Anent the contention that the complaint fails to state a cause of action since there is no showing that plaintiff is entitled to the renewal of the lease contracts, suffice it to say that this Court has already found, through summary judgment, plaintiff to be entitled to the renewal of the lease contracts. This Court has already given its reasons for finding that plaintiff had a valid cause of action for specific performance against defendant. Thus, the ground raised by defendant is evidently bereft of any legal basis at this point.[19]
Marman moved for partial reconsideration[20] but its motion was denied.[21] PPI appealed to the CA.

CA Disposition

On November 23, 2005, the CA issued a Decision[22] affirming with modification the RTC decision, with a fallo reading:
WHEREFORE, the appeal is PARTIALLY GRANTED. The Order dated June 11, 2004 of the Regional Trial Court of Makati City, Branch 150 is hereby AFFIRMED with the MODIFICATION that the complaint filed by Conchita Tan, doing business under the name Marman Trading is hereby DISMISSED.

SO ORDERED.[23]
The CA reversed the RTC order compelling PPI to execute written contracts of renewal of lease. The appellate court reasoned that mere acceptance by Marman of the commercial terms of the counter offer of PPI (i.e., rents, variable fee and minimum escalation volume) did not result in the perfection of new lease contracts absent agreement on other terms of the counter offer, thus:
As We see it, as far the provisions granting an option to renew are concerned, the only term on which there has been a clear agreement is the period of the renewed contract, i.e., ten (10) years. The provisions are silent as to the other terms and conditions as these were still subject to agreement by both PPI and Marman.

Under Article 1318 of the Civil Code, there is no contract unless there is consent of the contracting parties.
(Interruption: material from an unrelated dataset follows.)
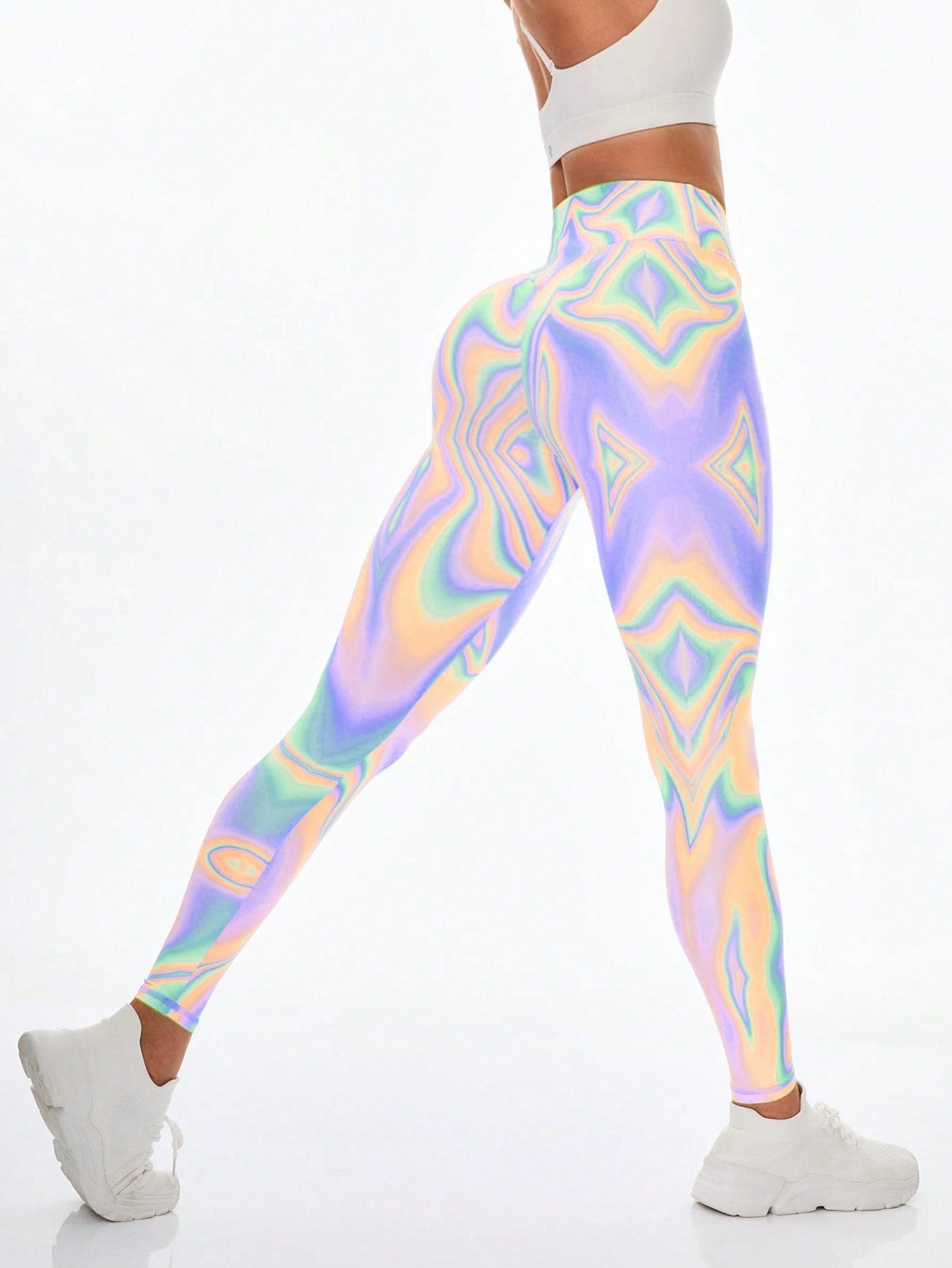 Calça Legging Estampada Psicodélica Cintura Alta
Article 1319 of the same Code further states that "consent is manifested by the meeting of the offer and the acceptance upon the thing and the cause which are to constitute the contract." Thus, as a general rule, if the parties come to an agreement on the essential points of a contract, that is, on the object and the cause, there is already perfection even if there are other points that have yet to be agreed upon or have been reserved for future agreement.

This being the case, should the acceptance by Marman of the economic conditions proposed by PPI, a renewed contract of lease had already been perfected as the other terms and conditions that have yet to be agreed upon were "irrelevant to the instant case." We disagree.

In A. Magsaysay, Inc. vs. Cebu Portland Cement Co., the Supreme Court laid down an exception to the general rule that an agreement on the essential points of a contract already amounts to perfection. Thus:
While Article 1319 of the New Civil Code prescribes that `consent is manifested by the meeting of the offer and the acceptance upon the thing and the cause which are to constitute the contract,' this rule does not apply to a situation like the one before us, wherein one or both parties consider that other matters or details, in addition to the subject matter and consideration, should be stipulated and agreed upon. In that case, the area of agreement must extend to all points that the parties deem material or there is no contract.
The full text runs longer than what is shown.